Happiness
As I journey through life, I realize that happiness doesn't come easily for me. Reflecting on why this might be, I recognize that as a child, I was never taught to be happy. That realization feels profoundly sad to me, and it only became clear after I became a mother. I was raised with the constant belief that something was always wrong—whether with me or someone else on any given day. My upbringing was far from ideal, but it shaped the person I am today. Despite everything, I feel like I turned out okay. I'm not sharing this for sympathy or comments, but to share my realization.
Life is hard. The world can be an ugly place. It's much easier to be nasty than to be happy, especially when surrounded by darkness and hatred. On my journey, I try to pause and breathe in what remains beautiful in this world—a world that I once knew was full of promise.

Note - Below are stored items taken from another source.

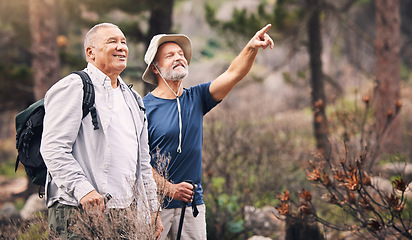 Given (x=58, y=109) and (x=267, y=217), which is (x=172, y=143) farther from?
(x=267, y=217)

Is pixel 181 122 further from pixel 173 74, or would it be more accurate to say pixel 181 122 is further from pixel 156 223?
pixel 156 223

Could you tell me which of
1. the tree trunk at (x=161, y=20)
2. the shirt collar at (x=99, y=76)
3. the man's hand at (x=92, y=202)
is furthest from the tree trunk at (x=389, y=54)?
the man's hand at (x=92, y=202)

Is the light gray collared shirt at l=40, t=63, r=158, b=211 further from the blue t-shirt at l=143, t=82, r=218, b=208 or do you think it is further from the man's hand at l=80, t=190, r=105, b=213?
the blue t-shirt at l=143, t=82, r=218, b=208

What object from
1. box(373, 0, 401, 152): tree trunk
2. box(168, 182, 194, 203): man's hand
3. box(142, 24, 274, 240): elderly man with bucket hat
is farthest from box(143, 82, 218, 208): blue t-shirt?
box(373, 0, 401, 152): tree trunk

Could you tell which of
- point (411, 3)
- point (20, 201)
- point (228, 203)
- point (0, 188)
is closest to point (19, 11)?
point (0, 188)

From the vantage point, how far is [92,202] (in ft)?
7.74

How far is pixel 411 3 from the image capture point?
23641mm

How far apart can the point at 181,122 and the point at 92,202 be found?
1.03 meters

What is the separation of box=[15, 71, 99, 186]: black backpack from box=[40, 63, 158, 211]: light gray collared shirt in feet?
0.14

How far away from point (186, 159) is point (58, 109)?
3.45 ft

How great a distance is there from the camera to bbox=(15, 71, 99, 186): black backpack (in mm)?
2498

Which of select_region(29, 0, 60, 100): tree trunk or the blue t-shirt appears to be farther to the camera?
select_region(29, 0, 60, 100): tree trunk

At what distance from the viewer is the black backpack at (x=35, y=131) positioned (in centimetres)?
250

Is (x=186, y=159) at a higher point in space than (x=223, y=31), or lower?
lower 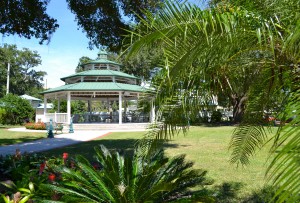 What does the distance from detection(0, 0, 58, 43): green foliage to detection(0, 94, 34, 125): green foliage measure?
28.0 metres

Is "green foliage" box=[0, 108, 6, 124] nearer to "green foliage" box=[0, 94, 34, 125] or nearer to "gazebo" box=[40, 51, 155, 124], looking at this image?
"green foliage" box=[0, 94, 34, 125]

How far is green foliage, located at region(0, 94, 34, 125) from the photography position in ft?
120

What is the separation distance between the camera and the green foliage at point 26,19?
33.1 ft

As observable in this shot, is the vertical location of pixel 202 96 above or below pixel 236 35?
below

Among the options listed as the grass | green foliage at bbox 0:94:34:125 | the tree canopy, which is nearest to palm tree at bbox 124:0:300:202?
the tree canopy

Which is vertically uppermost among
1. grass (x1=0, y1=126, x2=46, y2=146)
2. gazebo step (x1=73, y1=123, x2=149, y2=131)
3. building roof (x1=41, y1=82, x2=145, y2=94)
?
building roof (x1=41, y1=82, x2=145, y2=94)

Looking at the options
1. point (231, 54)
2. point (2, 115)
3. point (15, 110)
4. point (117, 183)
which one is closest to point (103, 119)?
point (15, 110)

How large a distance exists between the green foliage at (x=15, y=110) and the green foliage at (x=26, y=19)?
28.0m

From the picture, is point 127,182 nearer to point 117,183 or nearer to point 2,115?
point 117,183

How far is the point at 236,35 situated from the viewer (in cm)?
283

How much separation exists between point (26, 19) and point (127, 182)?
7.93 m

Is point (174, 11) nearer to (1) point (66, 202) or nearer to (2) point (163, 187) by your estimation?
(2) point (163, 187)

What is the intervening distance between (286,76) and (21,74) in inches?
3023

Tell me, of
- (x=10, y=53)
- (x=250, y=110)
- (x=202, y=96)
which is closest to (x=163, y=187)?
(x=202, y=96)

Reflecting on my life, I notice that I'm always waiting for something—the next chapter, the next paycheck, the next vacation, the next "what if," the next stage. I remember being 15 and fantasizing about my future, imagining my own place, the dishes I would have, the furniture, and the freedom.
Recently, I read something that resonated with me. It talked about guiding oneself into the present and soaking in the "now."
At 37, I've lived in many apartments, in different states, and experienced many wrong relationships. I've gone to college, became a yoga instructor, worked many wrong jobs, got married, bought a house, had a baby, and became a mom.
If I hadn’t moved out at 16, I wouldn’t have started my journey. It came at a major cost, but ultimately, it was a wonderful cost because it brought me to where I am today.
So why am I still working so hard to find happiness when I have everything I worked so hard for?
It goes back to how we were taught.
Yesterday, my son hurt his big toe on our morning walk. He refused to wear his shoes, and as he was running, one big slide of the foot scraped a big chunk of his toe. My husband and I rushed to see what he was trying to show us. Getting him in the stroller, I assured him everything was going to be okay, that we just needed to clean it and wrap it up. When we got back home, I sat him up on the counter and pulled out all the bandages. My son kept repeating, "I'm sorry, Mom, I'm sorry, Mom." That just broke my heart. Why was he apologizing for hurting himself? My husband and I both said, "You don't need to be sorry for this." I looked at him and explained, "You are enjoying your life and your journey, my love. This just means you had fun exploring, and these things happen."
I couldn't help but think about my childhood and what my mom would have said to me. As I am on the road to uncover my childhood traumas, I hurt all over from the thoughts that washed over me. My mother would have yelled at me for hurting myself, saying it would be an expensive bill, repeatedly asking why I did it. If I cried, she would have told me to shut up. If I didn't, she would have popped me in the mouth. In this moment, responding to my son, I am breaking the cycle. My son will know his mama has him and will keep him safe. He can explore the world without fear of consequence. He should never apologize for doing what he loves.
As I look at my son, I am determined to change this cycle for him. This realization has helped me immensely. I smile over 100 times daily and present the most positive outlook. I allow him to explore his feelings, something I was never allowed to do. I talk to him on his level, with eye contact and love. I shower him with a million hugs and kisses. I give him happiness.
My challenge for myself this year, and always, is to teach my child what it means to be happy and show others kindness to create that happiness. Through my teachings, I hope to change what was ingrained in me as a small child. Be kind. Breathe. Reflect. Share happiness.